BA has been on my "no fly" list for some years, because of its unique combination of surly service by dowdy staff in shabby aeroplanes from dirty terminals. It is a sort of airborne metaphor for modern Britain.However its management won brownie points with me today. I glumly realised when I checked my tickets that the first leg of my journey home was with the stricken national carrier. The usual glossy bilge on its website has been replaced with a fast, simple page into which you type your flight number for instant information. Given the pasting their servers must be taking, this was one point to BA management. They earned another because they had transferred the job of transporting me to Paris to FlyBe, a budget operator. I am dreading the unaccustomed in-flight experience, but at least I am flying. Well done BA, the successful strike-breakers.
FlyBe certainly made no effort to steal me as a customer. Perhaps that was part of the deal? The blonde muppet behind the desk had a voice that could only be accounted for by the inhalation of helium. Her make up was heavy enough to cause structural damage to her slight teenage limbs. Her gaze was hand blown in Murano. Despite my cheery explanation of my travel plans, she checked my bags only to Paris. I spotted this and reminded her to check them through to Shanghai. She said that wasn't possible - and hit the button. I held the bags back to stop them disappearing and trotted off to reason with "customer service".

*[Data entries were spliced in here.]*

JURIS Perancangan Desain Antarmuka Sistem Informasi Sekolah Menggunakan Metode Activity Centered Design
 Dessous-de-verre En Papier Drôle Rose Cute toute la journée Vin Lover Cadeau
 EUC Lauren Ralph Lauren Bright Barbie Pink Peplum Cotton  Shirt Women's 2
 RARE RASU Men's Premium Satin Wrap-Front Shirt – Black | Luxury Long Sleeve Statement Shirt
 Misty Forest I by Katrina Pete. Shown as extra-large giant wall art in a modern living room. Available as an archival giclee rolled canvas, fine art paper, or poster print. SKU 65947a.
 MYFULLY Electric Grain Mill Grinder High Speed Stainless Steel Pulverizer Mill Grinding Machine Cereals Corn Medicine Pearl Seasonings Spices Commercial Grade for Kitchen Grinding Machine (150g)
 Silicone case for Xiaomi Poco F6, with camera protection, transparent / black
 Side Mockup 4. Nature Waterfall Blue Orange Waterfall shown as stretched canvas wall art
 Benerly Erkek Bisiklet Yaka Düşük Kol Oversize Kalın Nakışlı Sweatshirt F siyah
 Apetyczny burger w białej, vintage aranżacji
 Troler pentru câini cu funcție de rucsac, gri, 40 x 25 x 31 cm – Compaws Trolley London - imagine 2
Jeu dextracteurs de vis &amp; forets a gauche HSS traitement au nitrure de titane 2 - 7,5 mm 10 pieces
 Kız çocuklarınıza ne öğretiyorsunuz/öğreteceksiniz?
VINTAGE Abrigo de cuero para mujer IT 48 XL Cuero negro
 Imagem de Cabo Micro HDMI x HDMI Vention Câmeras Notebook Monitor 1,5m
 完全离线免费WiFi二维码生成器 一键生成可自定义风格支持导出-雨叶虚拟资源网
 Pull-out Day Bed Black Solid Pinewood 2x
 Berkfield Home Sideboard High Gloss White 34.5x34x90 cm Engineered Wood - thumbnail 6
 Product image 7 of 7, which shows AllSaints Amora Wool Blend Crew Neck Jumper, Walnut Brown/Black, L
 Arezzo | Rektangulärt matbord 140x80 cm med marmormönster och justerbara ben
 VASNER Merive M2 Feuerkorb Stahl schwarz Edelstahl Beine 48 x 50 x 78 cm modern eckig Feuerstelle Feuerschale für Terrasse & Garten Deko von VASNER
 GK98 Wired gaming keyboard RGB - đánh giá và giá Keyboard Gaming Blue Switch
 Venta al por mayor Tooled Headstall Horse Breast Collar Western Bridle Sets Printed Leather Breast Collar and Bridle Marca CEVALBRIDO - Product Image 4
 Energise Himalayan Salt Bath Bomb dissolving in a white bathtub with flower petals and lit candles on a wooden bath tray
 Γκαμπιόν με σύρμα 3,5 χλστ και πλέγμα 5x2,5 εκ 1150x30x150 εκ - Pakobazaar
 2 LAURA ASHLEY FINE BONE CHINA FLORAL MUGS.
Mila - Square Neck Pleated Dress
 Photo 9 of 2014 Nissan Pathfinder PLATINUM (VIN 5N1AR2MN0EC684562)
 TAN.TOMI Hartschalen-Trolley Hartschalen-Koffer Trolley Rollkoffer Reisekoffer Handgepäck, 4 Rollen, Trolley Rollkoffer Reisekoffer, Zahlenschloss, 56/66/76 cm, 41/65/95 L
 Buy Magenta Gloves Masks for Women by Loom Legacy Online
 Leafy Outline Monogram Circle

As you know, dear reader, any organisation which regards "customer service" as something reserved to a specialised unit is in trouble. After all, if not to serve its customers, what are all the other employees for?
After a little "reasoning" with the "customer servants", my bags are Shanghai-bound. However FlyBe's entente with Air France is insufficiently cordial to allow it to issue a boarding pass for the next leg. I shall have to check in again at Charles de Gaulle. Not to worry. I set off to relax in the BA Lounge (and get at least some value for my Business Class ticket). The BA lady guarding the dark empty space banished me, pointing to my FlyBe ticket. Was she secretly atoning for her decision to scab? Perhaps. I mentally deducted one brownie point for needlessly squandering my goodwill.
BA may not survive this strike. Despite its management's valiant efforts it doesn't really deserve to. If it wanted to win me back, it would need to take the rare legal opportunity offered by the strike to purge its ground and cabin crews. Even the UK's employment laws permit this, as long as all strikers are fired without exception. But why would it need to pick and choose? The strikers have self-selected themselves as the least desirable employees.
Go for it, guys. There are more points to play for.